▶ [Extracted records]:
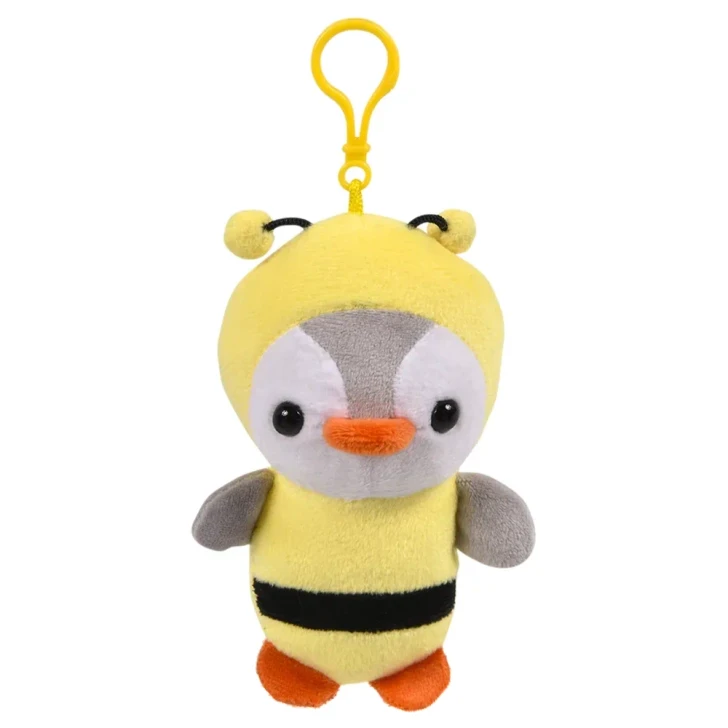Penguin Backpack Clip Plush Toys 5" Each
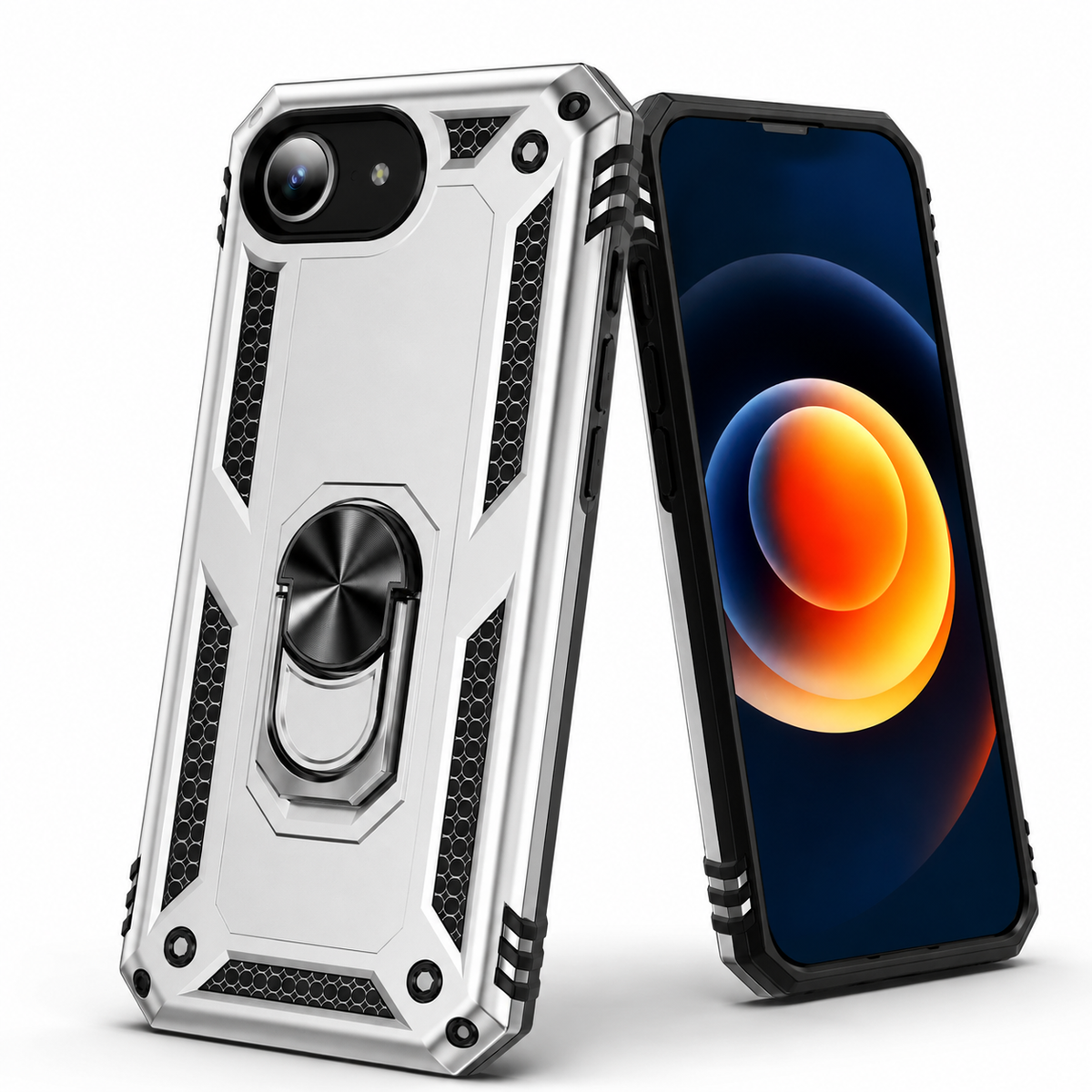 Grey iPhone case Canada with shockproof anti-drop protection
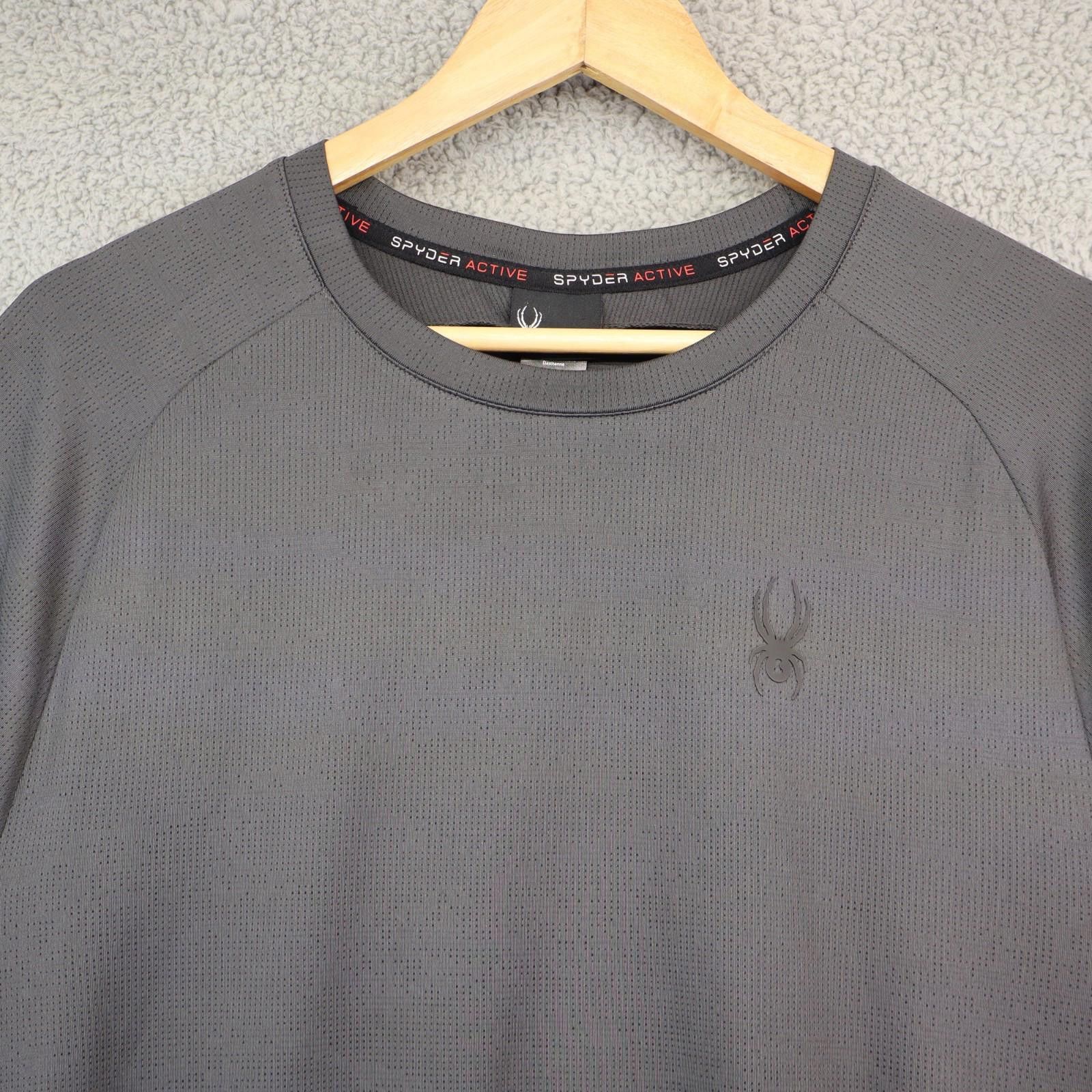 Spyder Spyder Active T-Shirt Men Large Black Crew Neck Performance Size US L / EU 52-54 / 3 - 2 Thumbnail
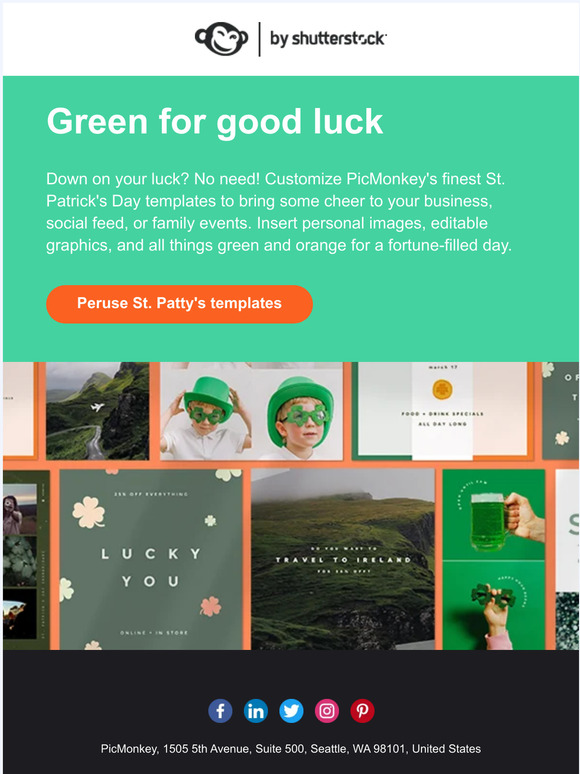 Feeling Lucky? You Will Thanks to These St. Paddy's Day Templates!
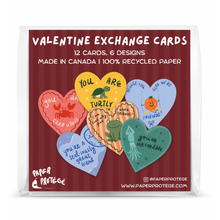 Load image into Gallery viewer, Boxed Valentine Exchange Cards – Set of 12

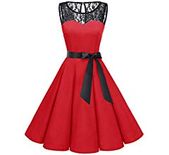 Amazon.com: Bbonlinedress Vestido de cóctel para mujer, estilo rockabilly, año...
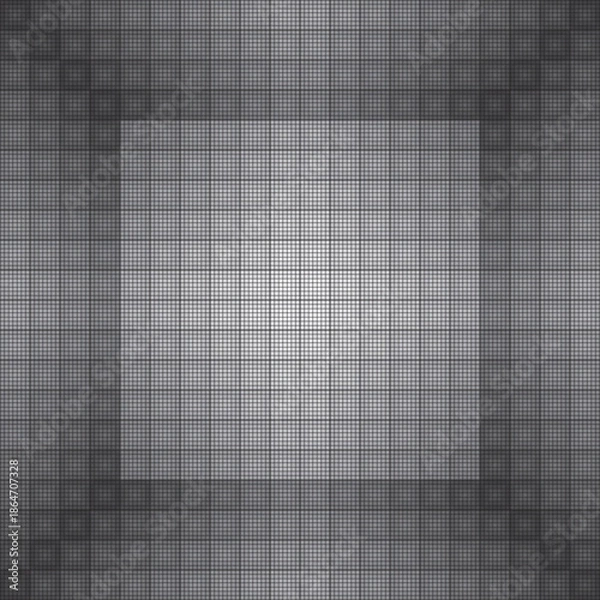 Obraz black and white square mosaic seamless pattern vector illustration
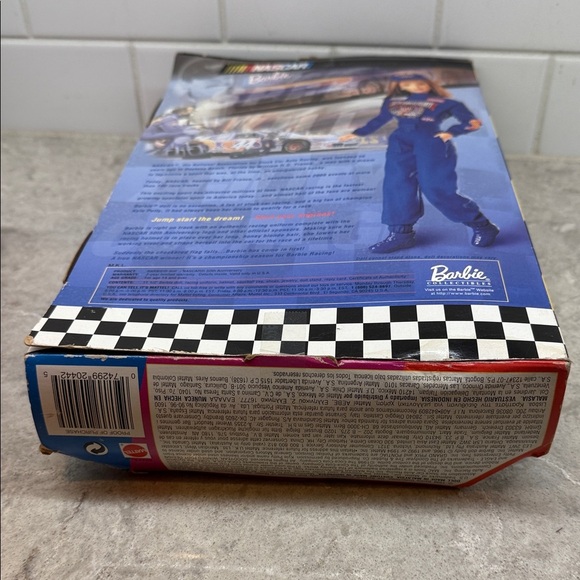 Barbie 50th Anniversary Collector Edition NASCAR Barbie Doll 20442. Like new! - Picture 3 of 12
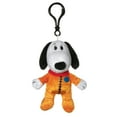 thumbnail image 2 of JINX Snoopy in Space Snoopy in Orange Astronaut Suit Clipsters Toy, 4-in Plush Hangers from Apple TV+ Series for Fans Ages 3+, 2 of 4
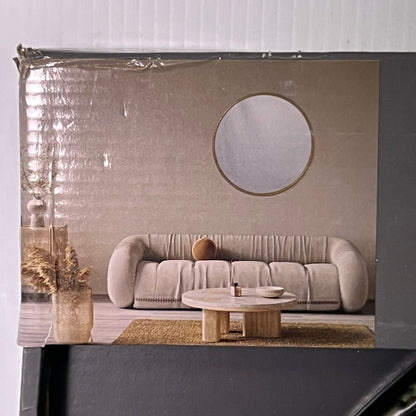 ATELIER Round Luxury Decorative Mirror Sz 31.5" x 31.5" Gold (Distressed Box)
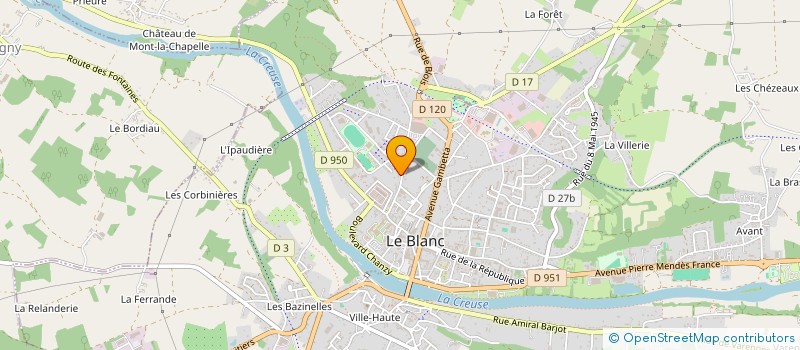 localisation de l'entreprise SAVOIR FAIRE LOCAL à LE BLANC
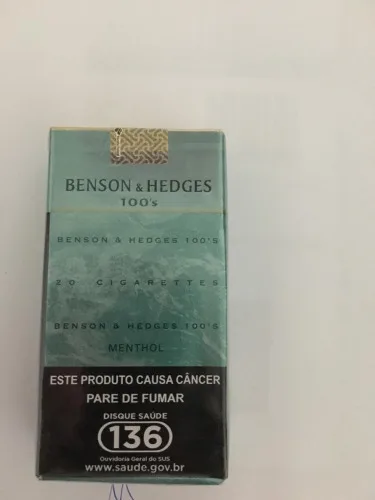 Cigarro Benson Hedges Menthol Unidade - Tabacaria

▶ [Your goal]: Restate the material above word for word, so that nothing changes except that the pictures are gone.

▶ [Exercise output]:
Penguin Backpack Clip Plush Toys 5" Each
 Grey iPhone case Canada with shockproof anti-drop protection
 Spyder Spyder Active T-Shirt Men Large Black Crew Neck Performance Size US L / EU 52-54 / 3 - 2 Thumbnail
 Feeling Lucky? You Will Thanks to These St. Paddy's Day Templates!
 Load image into Gallery viewer, Boxed Valentine Exchange Cards – Set of 12

 Amazon.com: Bbonlinedress Vestido de cóctel para mujer, estilo rockabilly, año...
 Obraz black and white square mosaic seamless pattern vector illustration
 Barbie 50th Anniversary Collector Edition NASCAR Barbie Doll 20442. Like new! - Picture 3 of 12
 thumbnail image 2 of JINX Snoopy in Space Snoopy in Orange Astronaut Suit Clipsters Toy, 4-in Plush Hangers from Apple TV+ Series for Fans Ages 3+, 2 of 4
 ATELIER Round Luxury Decorative Mirror Sz 31.5" x 31.5" Gold (Distressed Box)
 localisation de l'entreprise SAVOIR FAIRE LOCAL à LE BLANC
 Cigarro Benson Hedges Menthol Unidade - Tabacaria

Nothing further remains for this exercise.